Dovrebbero innanzitutto mettere da parte l’indicatore dell’inflazione sottostante. L’inflazione sottostante è utile per portare avanti le politiche monetarie e dare spiegazioni all’opinione pubblica, ma solo quando gli aumenti dei prezzi dei prodotti alimentari e dell’energia (non considerati dall’inflazione sottostante) sono temporanei, il che sembra non succedere più.

Nel Regno Unito, ad esempio, fattori presumibilmente temporanei hanno mantenuto il livello d’inflazione ben al di sopra del target voluto per oltre due anni. La BCE ha pubblicato recentemente una relazione in cui specifica che molto probabilmente i prezzi dei prodotti alimentari non potranno far altro che aumentare in quanto la domanda è strutturalmente superiore all’offerta. Lo stesso si può probabilmente dire per altri beni, tra cui il petrolio, la cui domanda è stata strutturalmente sottostimata.

In secondo luogo, le banche centrali occidentali dovrebbero iniziare a ritirare le misure d’emergenza adottate in risposta alla crisi finanziaria ed economica. Ciò vale in particolar modo per la Riserva Federale che, nell’autunno del 2010, ha lanciato una seconda fase di alleggerimento quantitativo per stimolare la crescita economica e l’occupazione nel breve termine, ma anche per la Banca d’Inghilterra che viene criticata per la sua eccessiva permissività.

Infine, per evitare in modo concreto che l’inflazione aumenti ancora, i tassi di interesse reali devono essere pari a zero o lievemente positivi, il che non si verifica da diverso tempo dato che l’inflazione primaria è pari al 2,2% nell’eurozona e all’1,5% negli Stati Uniti. Anche analizzando l’inflazione sottostante, i tassi d’interesse reali negli Stati Uniti sono tuttora fortemente negativi. Per il Regno Unito il quadro è particolarmente triste con un tasso d’interesse pari allo 0,5% ed un livello d’inflazione pari al 3,3%.
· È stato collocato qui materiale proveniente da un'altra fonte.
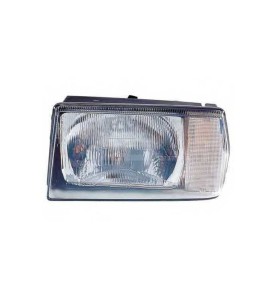 Faro Fanale Proiettore sx Lancia Delta 91 - 712357701120 - Ricambio originale - Left headlight Delta 91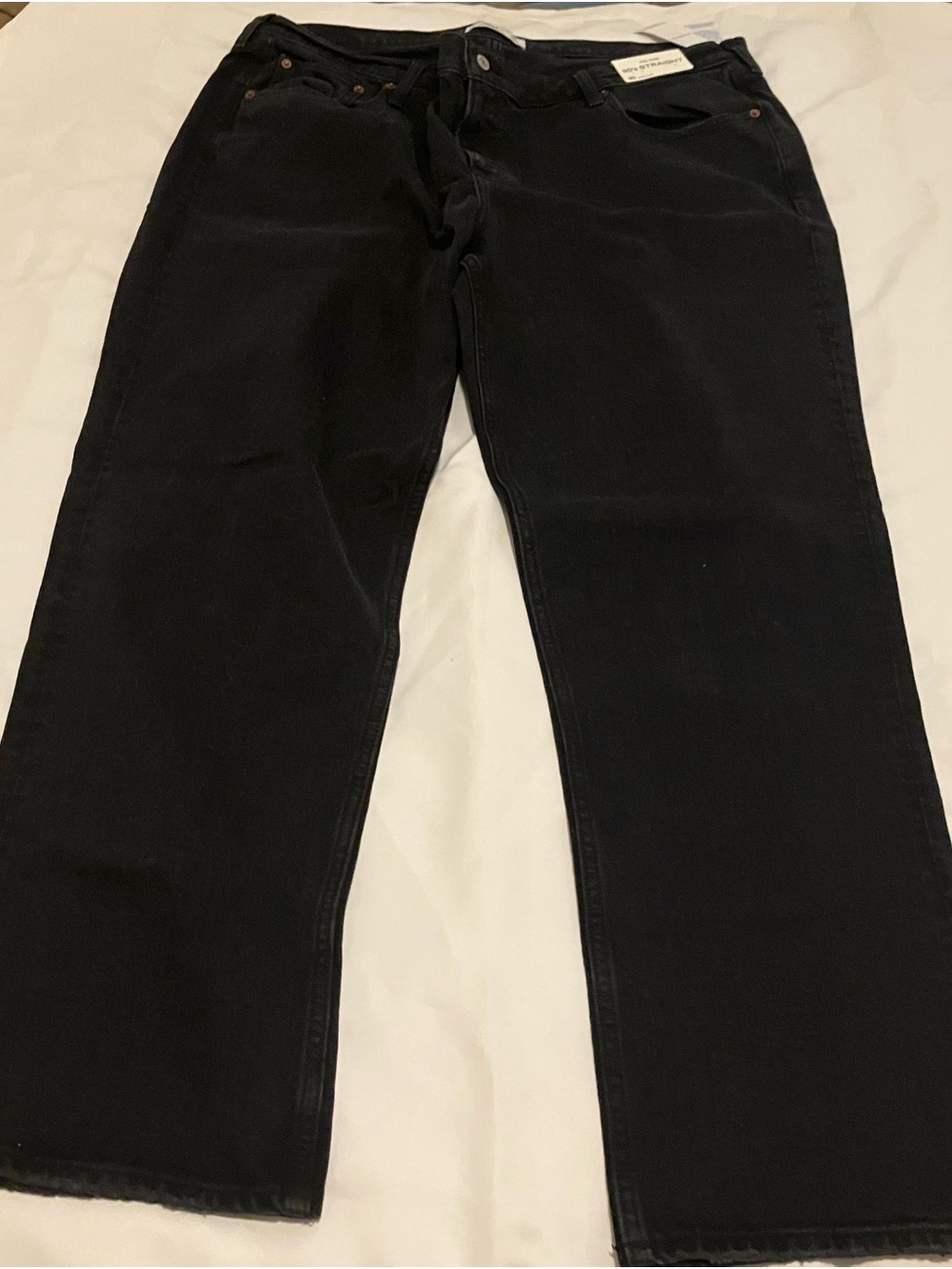 Men’s Abercrombie & Fitch Wide Bottom Jeans Size 35 Tags On!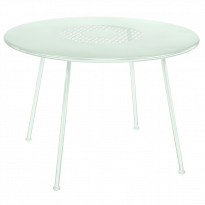 Table ronde LORETTE Ø.110 cm de Fermob, Menthe glaciale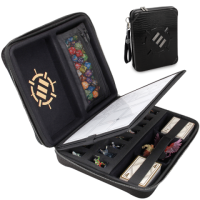 ENHANCE Tabletop RPG Organizer Case Collectors Edition...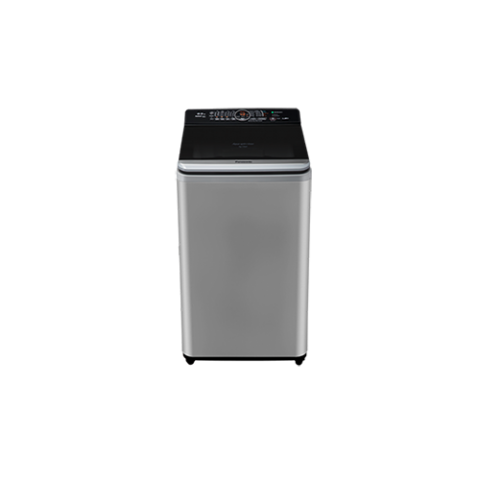 Panasonic 7.5 kg NA-F75S Fully Automatic Top Load Washing Machine|Stainless Steel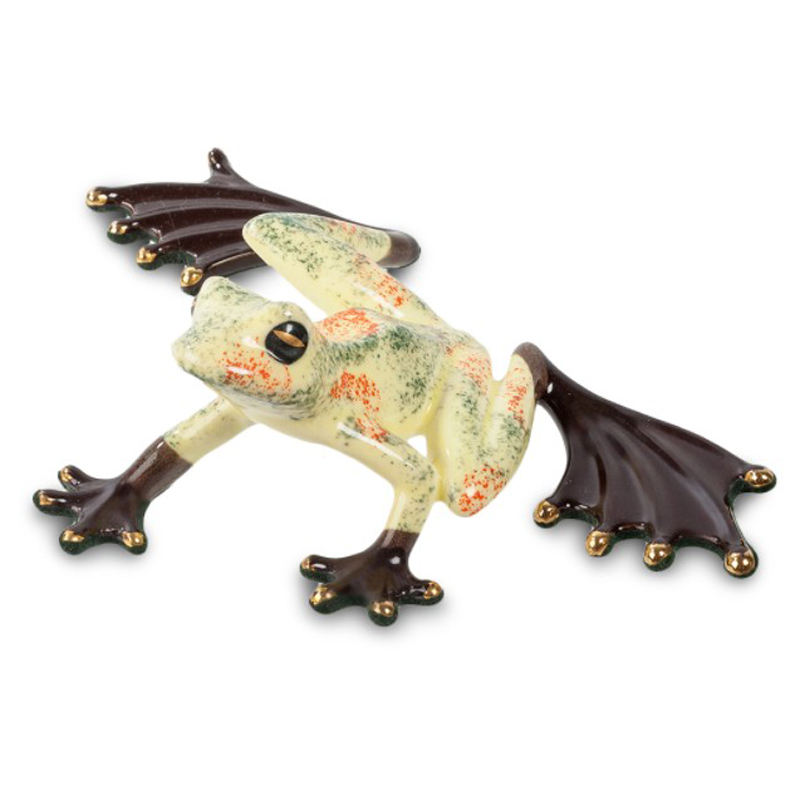 Статуэтка Statuette Frog S Мульти Статуэтка Statuette Frog S Мульти в Рязани | Loft Concept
Per evitare che l’inflazione cresca a dismisura, la Riserva Federale dovrebbe aumentare il tasso dei fondi federali da 0% ad almeno il 3% entro un anno circa. Nello stesso periodo la BCE dovrebbe portare il suo tasso ufficiale dall’1% ad almeno il 2%, mentre la Banca d’Inghilterra dovrebbe mirare al 5%.

La scelta di una misura a breve termine per incentivare la crescita economica e l’occupazione invece di rafforzare la stabilità dei prezzi ha devastato l’economia mondiale negli anni ’70 e ’80. Se le banche centrali occidentali continueranno ad implementare le stesse politiche monetarie ancora per molto, il risultato potrebbe essere, anche in questo caso, molto simile.
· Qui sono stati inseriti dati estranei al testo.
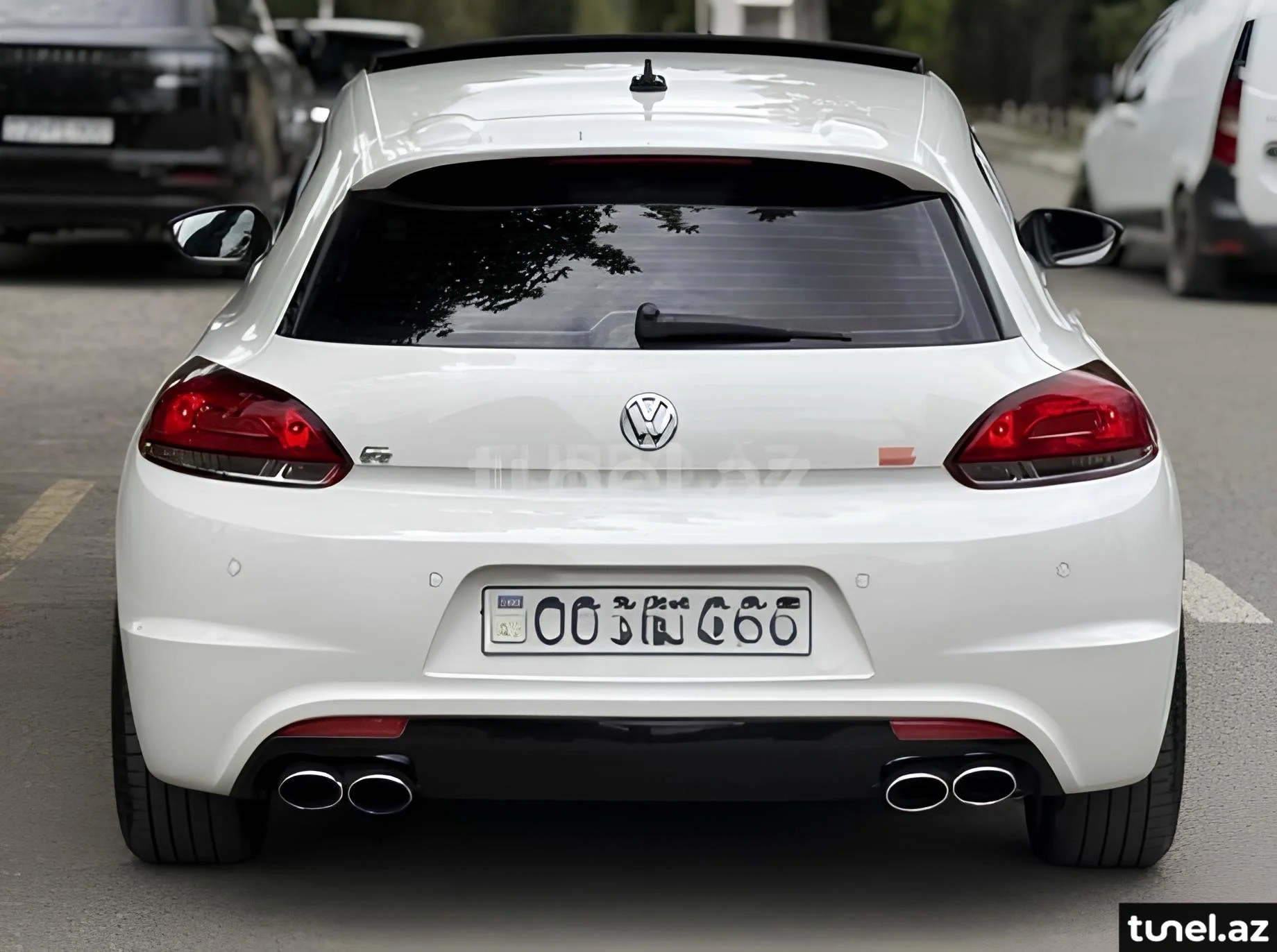 Volkswagen Scirocco 2008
Per diversi anni i funzionari di queste banche hanno invitato i loro omologhi dei paesi dei mercati emergenti a conferenze ed incontri per insegnare loro i trucchi del commercio. Probabilmente è giunto ora il momento che gli insegnanti imparino dagli studenti.


Sylvester Eijffinger è professore di economia finanziaria presso l’Università di Tilburg nei Paesi Bassi. Edin Mujagic è un esperto di economia monetaria presso l’ECR Research e l’Università di Tilburg.